|Ph.D Student||Friedlander Tamar|
|Subject||Protein Distributions and Their Role in Cell Population|
|Department||Department of Physics||Supervisors||Professor Erez Braun|
|Professor Naama Brenner|
|Full Thesis text|
This thesis addresses two problems of great theoretical interest in biology. Variation in physiological properties that cannot be attributed to either genetic or environmental factors is a well-known phenomenon that raises many theoretical questions. In the first part of the thesis we study protein distributions in dividing unicellular populations, as an example to a physiological trait that is heritable and affects the cell function. We begin with a single variable population description utilizing the framework of the population balance equation (PBE) and focus on its steady state solution.
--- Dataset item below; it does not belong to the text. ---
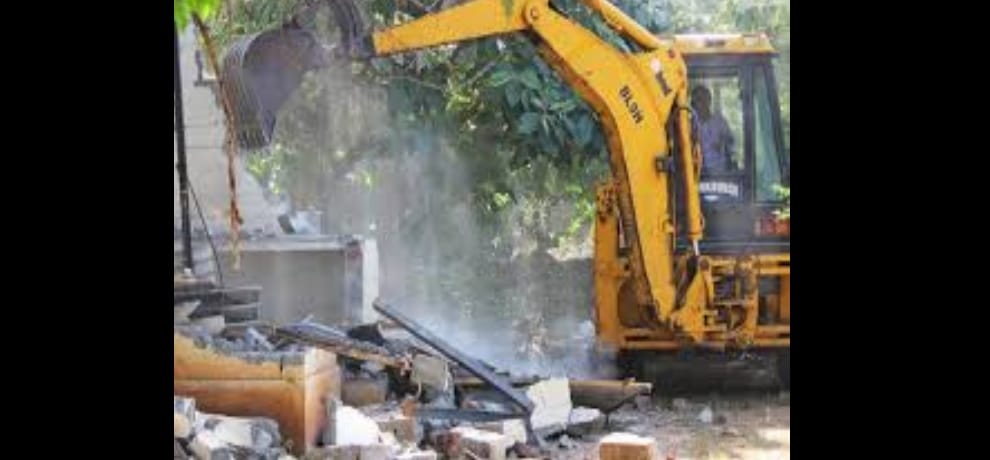 Encroachment removed by task force in noida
We address the steady state by asymptotic analysis and show that the steady state distribution tail is determined by a combination of protein production and cell division and is insensitive to other model details. Under general conditions this
tail is exponential with a dependence on parameters consistent with experiment. We discuss the conditions for this effect to be dominant over other sources of variation and the relation to experiments. This description however disregards the relation between the protein content and cell fitness, reflected by its reproduction rate.
We proceed by extending the model to relate the protein content to cell metabolism. We study the relation between the distribution dynamics and protein functionality and conclude that dynamics can reflect differences in protein functionality, even if steady state distributions are similar.
The second part of this thesis addresses adaptive response found in various biological signaling systems, such as bacterial
chemotaxis, synaptic and hormonal receptors and ion channels. We study a prototypic model that unifies various biological systems, showing how they share a common principle despite differences in morphology and context. The essential ingredient in the model is a combination of rapid input-dependent transitions and slow input-independent, state-dependent transitions. We analyze this model with respect to the input-output relation it implements, suggesting the relation to concepts from control theory and signal processing. We show that the slow availability variable encodes an averaging over past activity, and feeds back multiplicatively on the system output, regardless of the details of kinetics. The kinetics of recovery from unavailability determines the effective memory kernel inside the feedback branch, giving rise to a variety of system-specific forms of response: precise or input-dependent, exponential or power-law, as special cases of the same model. We then discuss the dynamic range of these systems by extending the concept of availability from binary to graded.